• Dataset entries:

---+---

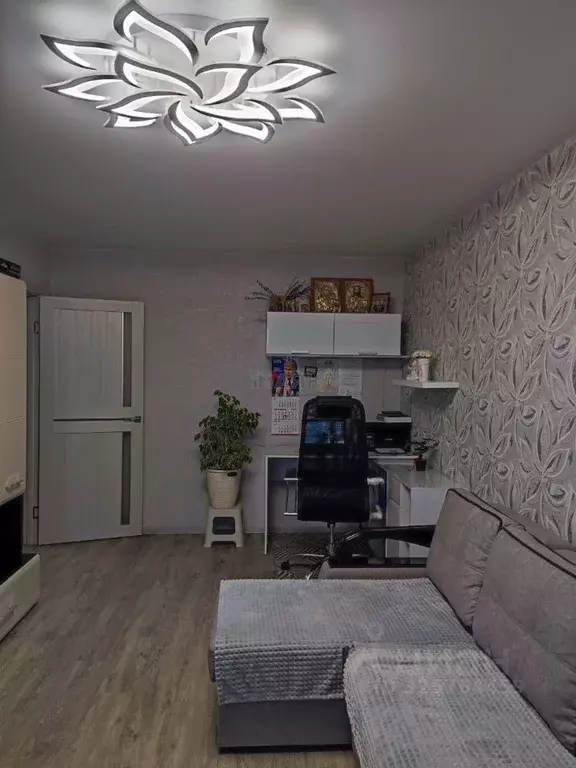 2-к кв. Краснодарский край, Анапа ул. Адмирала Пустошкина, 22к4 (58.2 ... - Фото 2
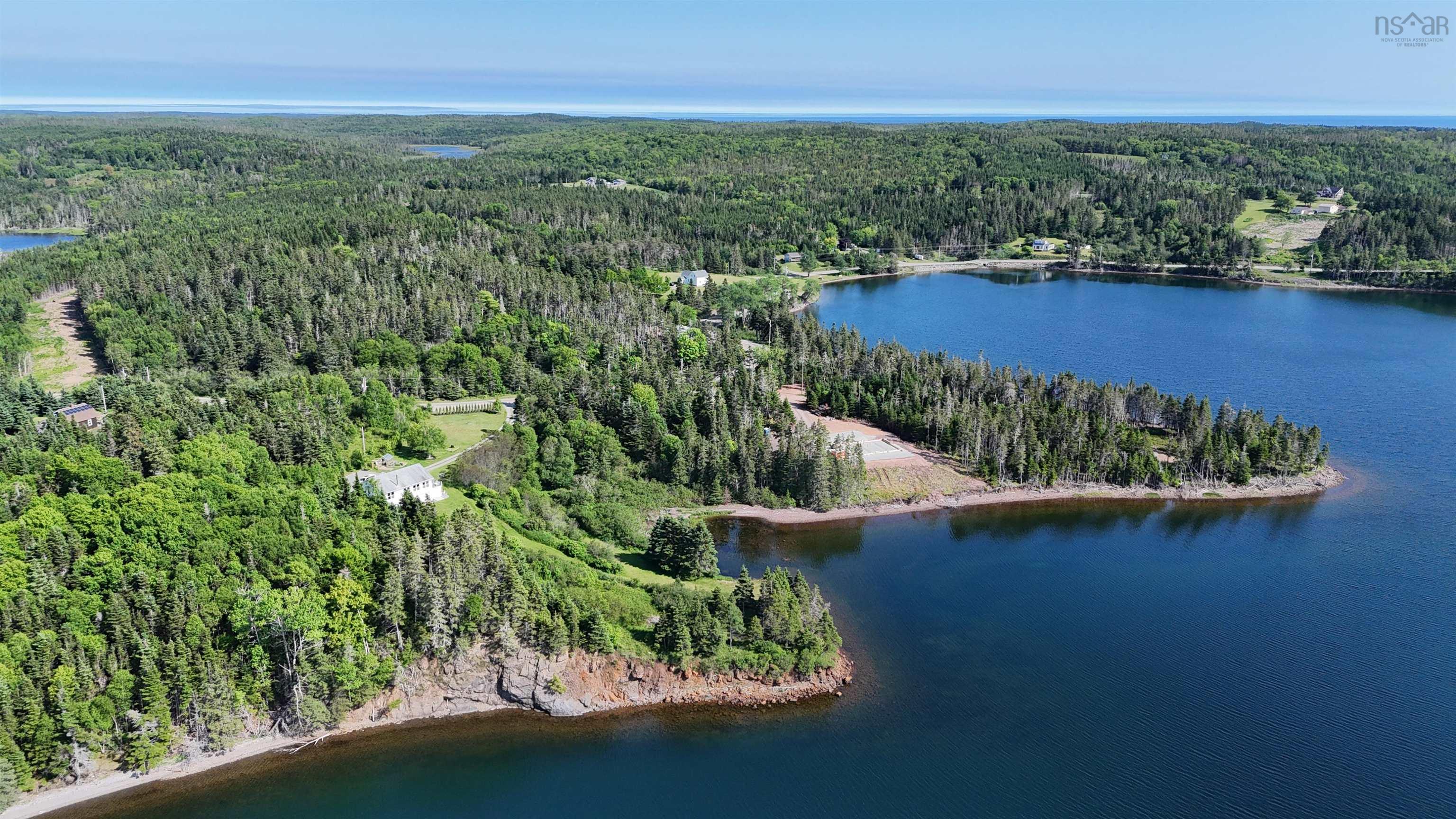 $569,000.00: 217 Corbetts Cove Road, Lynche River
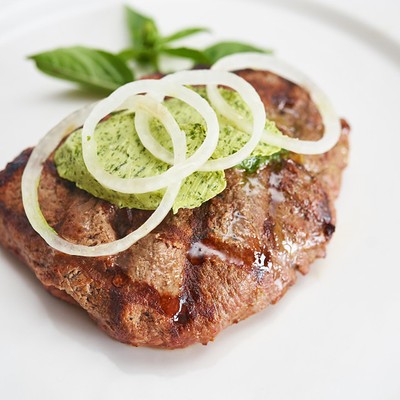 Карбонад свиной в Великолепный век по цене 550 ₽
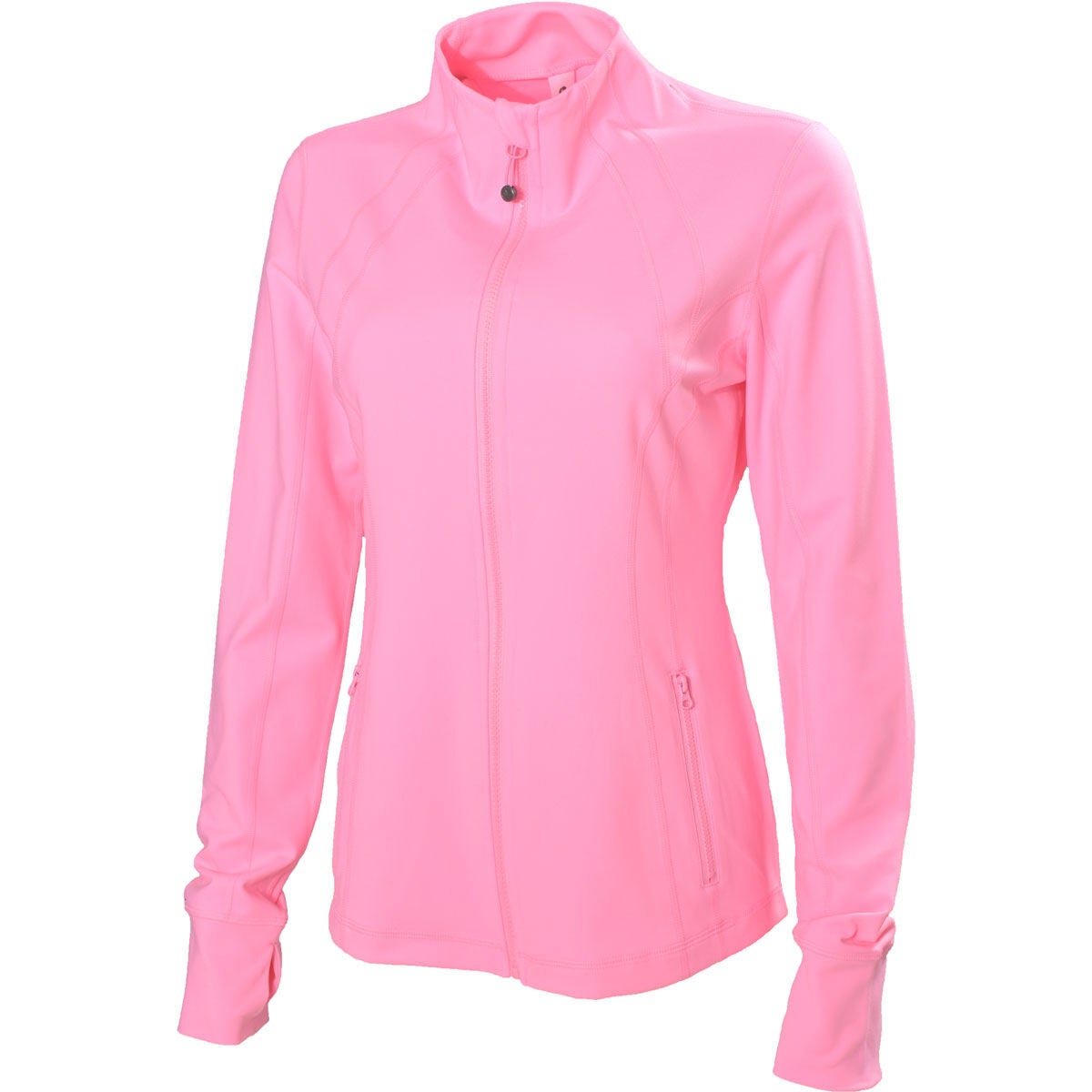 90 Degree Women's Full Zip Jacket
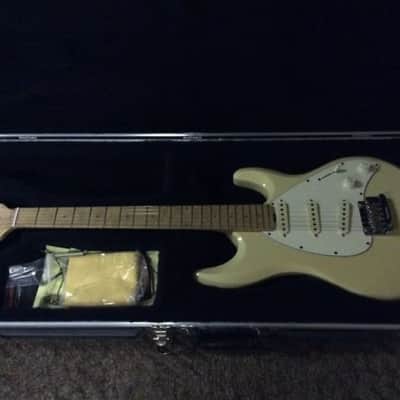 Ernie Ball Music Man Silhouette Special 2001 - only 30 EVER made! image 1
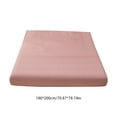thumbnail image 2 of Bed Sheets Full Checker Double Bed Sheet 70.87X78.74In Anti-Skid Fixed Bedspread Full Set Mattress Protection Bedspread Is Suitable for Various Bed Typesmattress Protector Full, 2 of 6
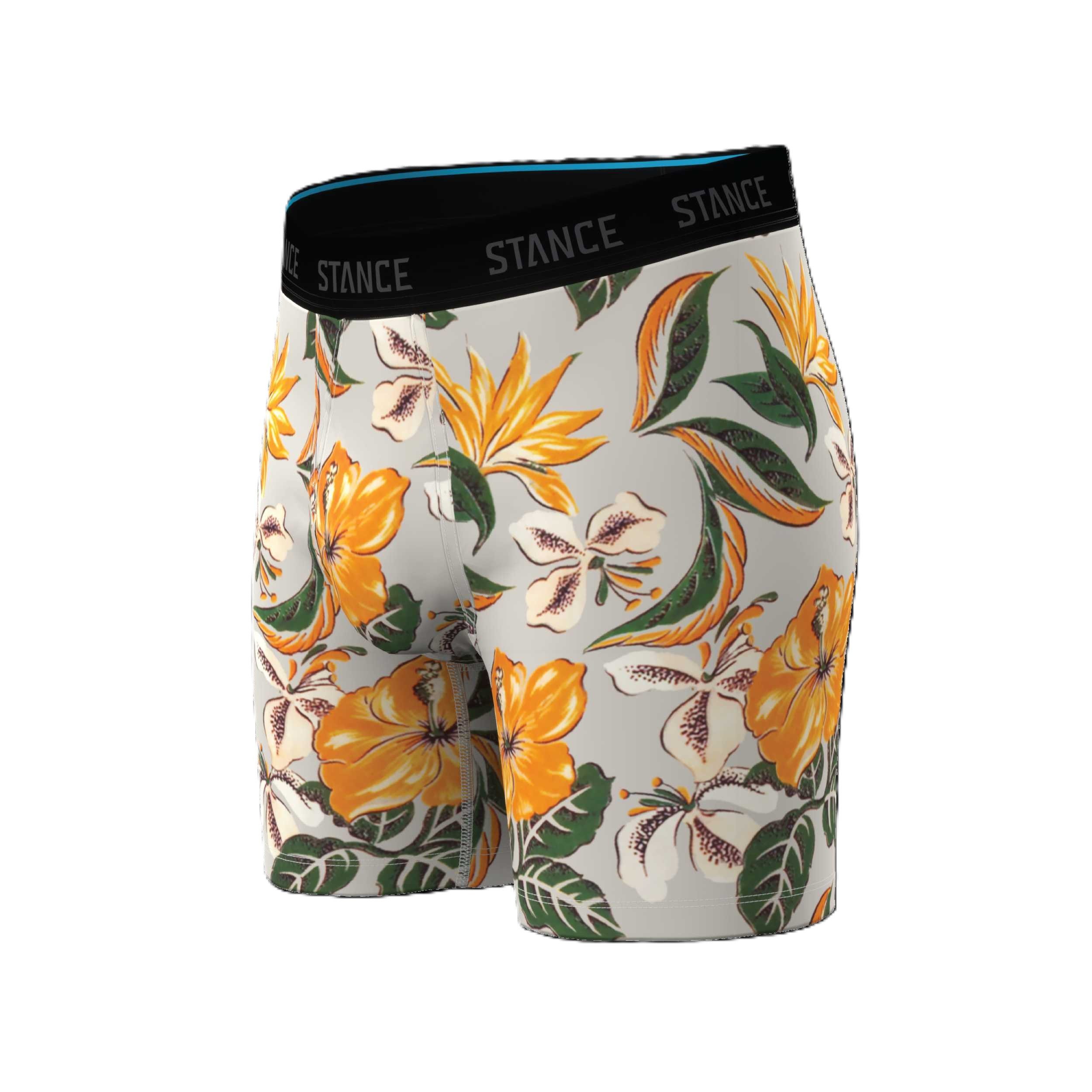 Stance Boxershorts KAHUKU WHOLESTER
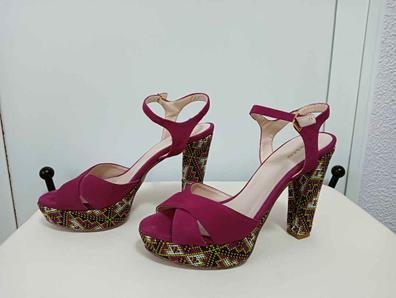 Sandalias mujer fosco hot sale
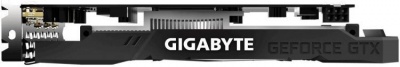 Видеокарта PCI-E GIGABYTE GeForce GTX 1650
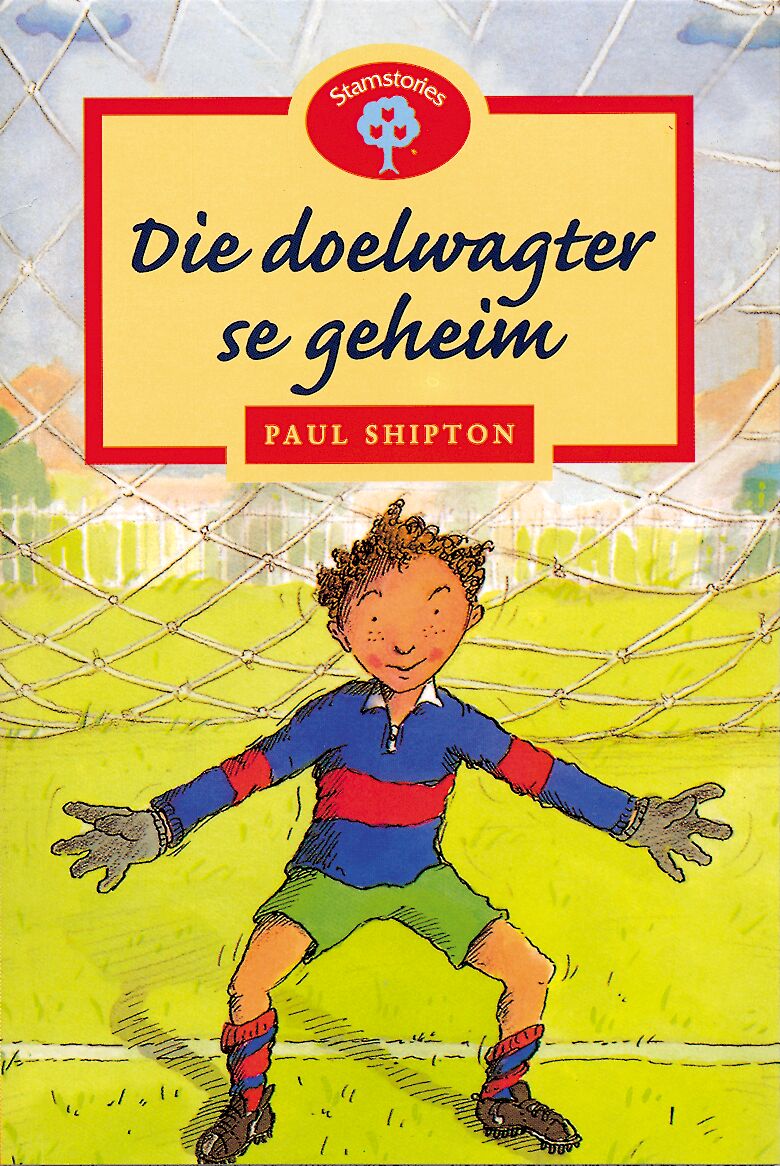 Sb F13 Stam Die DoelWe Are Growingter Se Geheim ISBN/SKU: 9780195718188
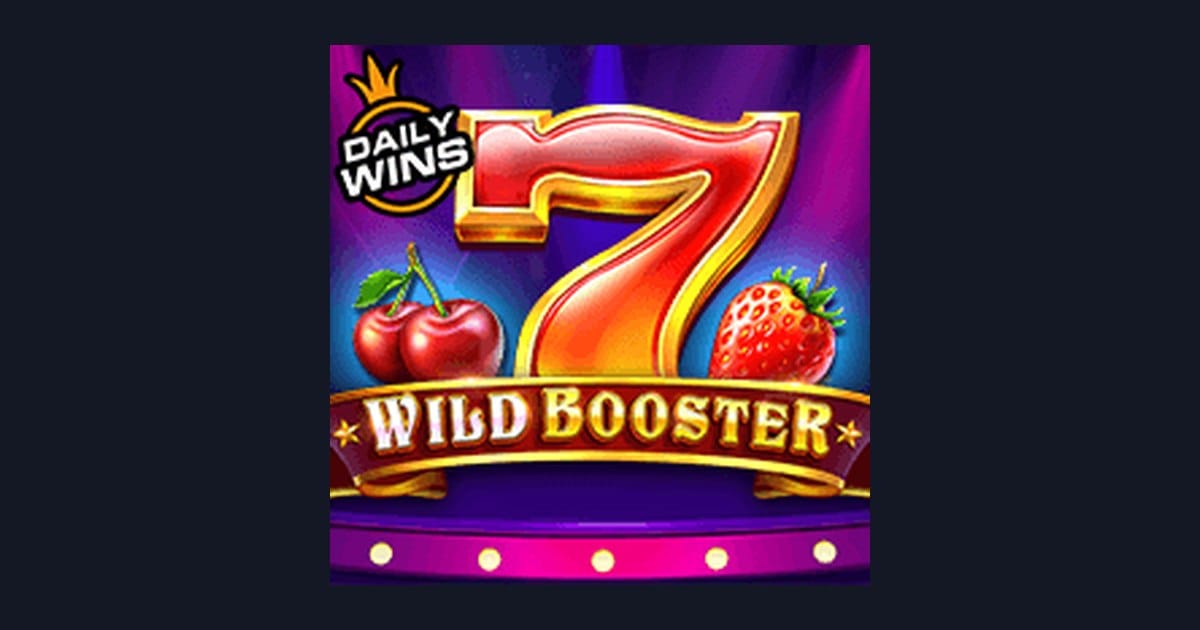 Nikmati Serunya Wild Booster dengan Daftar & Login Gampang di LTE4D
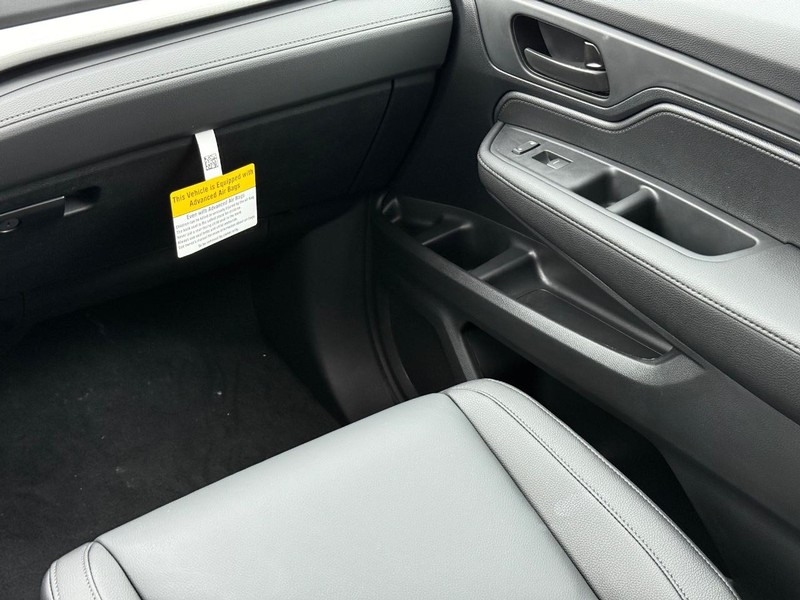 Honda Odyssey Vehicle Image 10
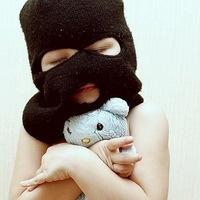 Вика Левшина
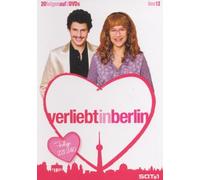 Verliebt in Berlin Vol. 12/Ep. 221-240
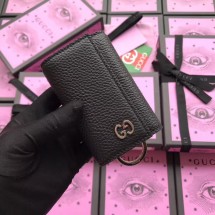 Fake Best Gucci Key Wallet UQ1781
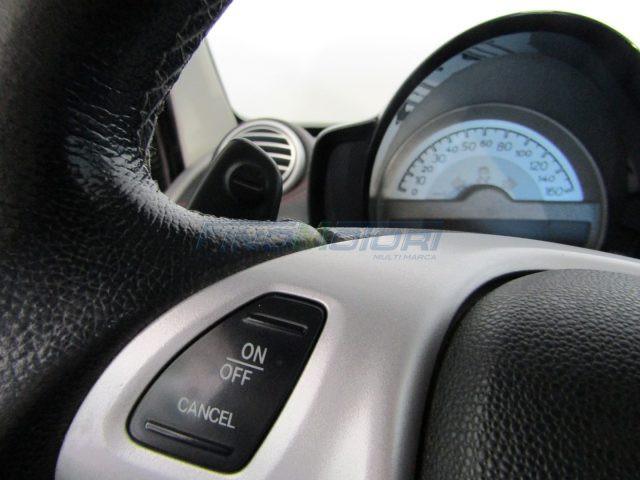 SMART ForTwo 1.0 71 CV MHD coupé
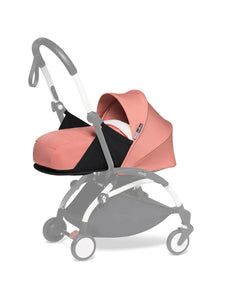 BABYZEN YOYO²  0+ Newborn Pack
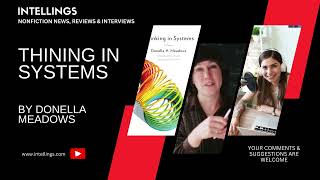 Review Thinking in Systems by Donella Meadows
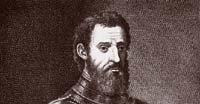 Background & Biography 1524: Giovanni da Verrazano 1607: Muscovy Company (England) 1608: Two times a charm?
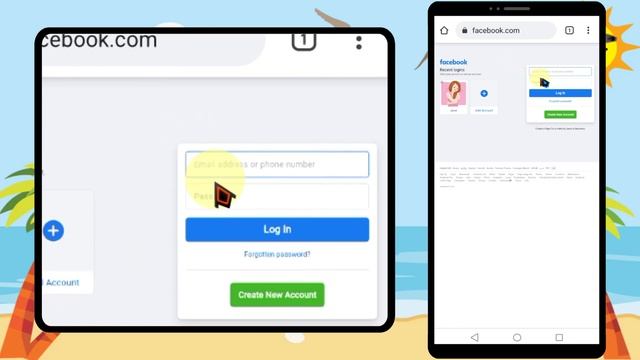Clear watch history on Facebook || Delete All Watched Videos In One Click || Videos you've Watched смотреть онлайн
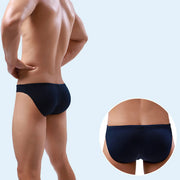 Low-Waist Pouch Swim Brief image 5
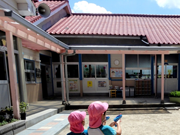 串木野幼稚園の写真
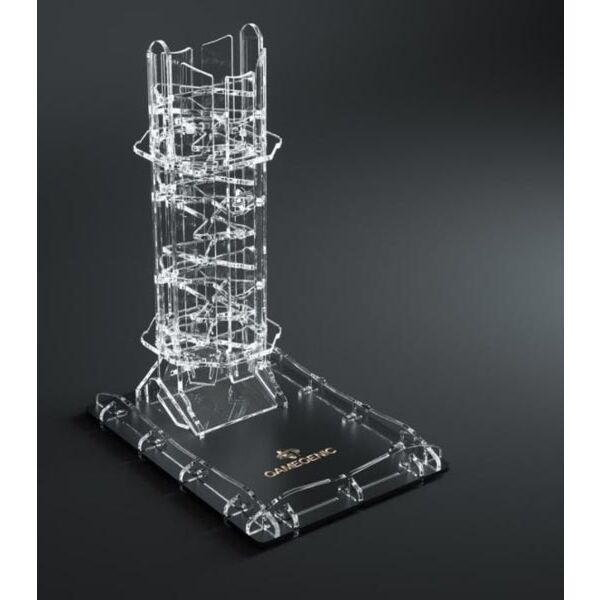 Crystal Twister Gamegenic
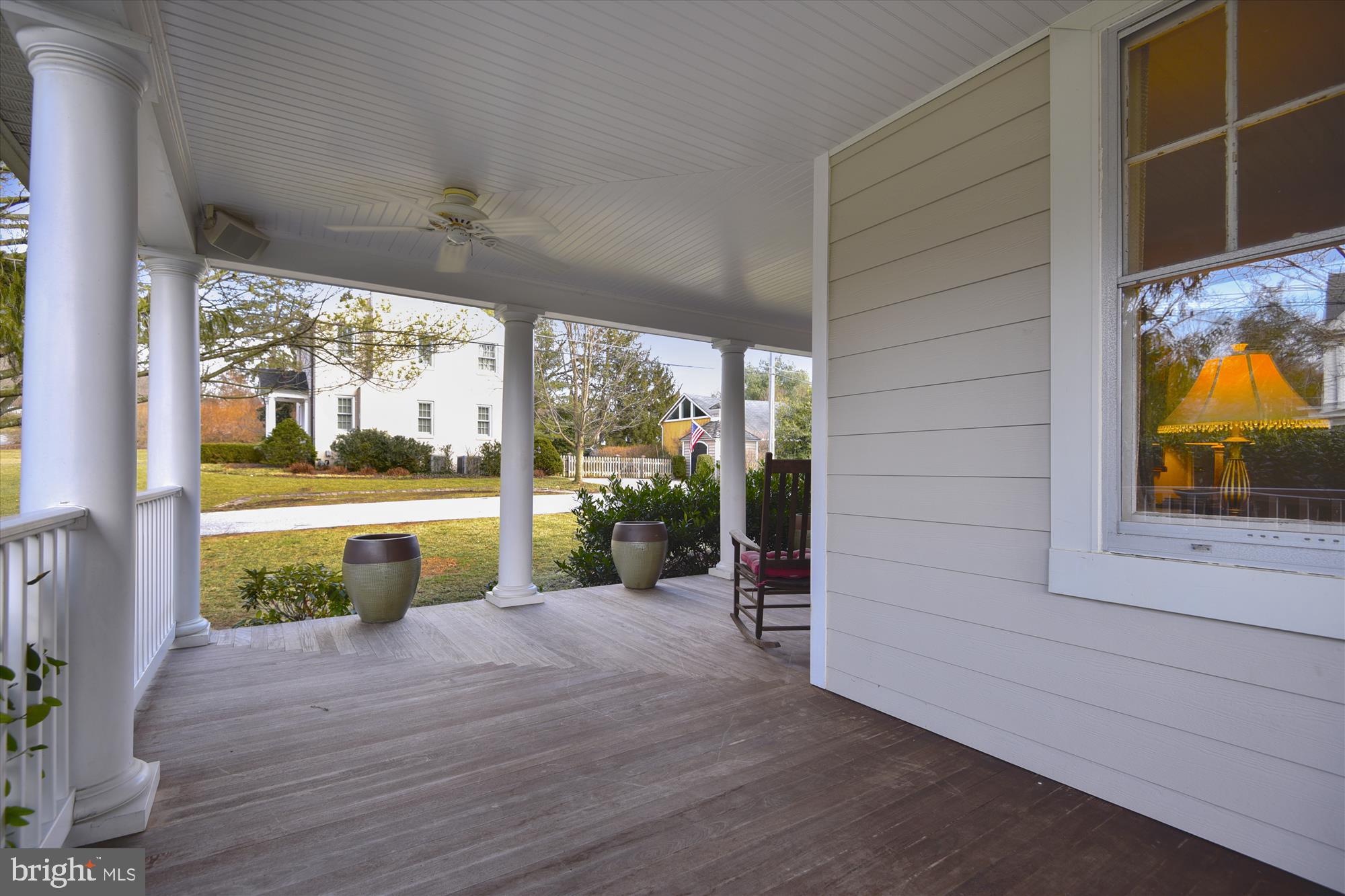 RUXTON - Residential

---+---

• INSTRUCTIONS TO FOLLOW: Leave the pictures out. Repeat every entry above exactly.

• YOUR RESPONSE:
 2-к кв. Краснодарский край, Анапа ул. Адмирала Пустошкина, 22к4 (58.2 ... - Фото 2
 $569,000.00: 217 Corbetts Cove Road, Lynche River
 Карбонад свиной в Великолепный век по цене 550 ₽
 90 Degree Women's Full Zip Jacket
 Ernie Ball Music Man Silhouette Special 2001 - only 30 EVER made! image 1
thumbnail image 2 of Bed Sheets Full Checker Double Bed Sheet 70.87X78.74In Anti-Skid Fixed Bedspread Full Set Mattress Protection Bedspread Is Suitable for Various Bed Typesmattress Protector Full, 2 of 6
 Stance Boxershorts KAHUKU WHOLESTER
 Sandalias mujer fosco hot sale
 Видеокарта PCI-E GIGABYTE GeForce GTX 1650
 Sb F13 Stam Die DoelWe Are Growingter Se Geheim ISBN/SKU: 9780195718188
 Nikmati Serunya Wild Booster dengan Daftar & Login Gampang di LTE4D
 Honda Odyssey Vehicle Image 10
 Вика Левшина
 Verliebt in Berlin Vol. 12/Ep. 221-240
 Fake Best Gucci Key Wallet UQ1781
 SMART ForTwo 1.0 71 CV MHD coupé
 BABYZEN YOYO²  0+ Newborn Pack
 Review Thinking in Systems by Donella Meadows
 Background & Biography 1524: Giovanni da Verrazano 1607: Muscovy Company (England) 1608: Two times a charm?
Clear watch history on Facebook || Delete All Watched Videos In One Click || Videos you've Watched смотреть онлайн
 Low-Waist Pouch Swim Brief image 5
 串木野幼稚園の写真
 Crystal Twister Gamegenic
 RUXTON - Residential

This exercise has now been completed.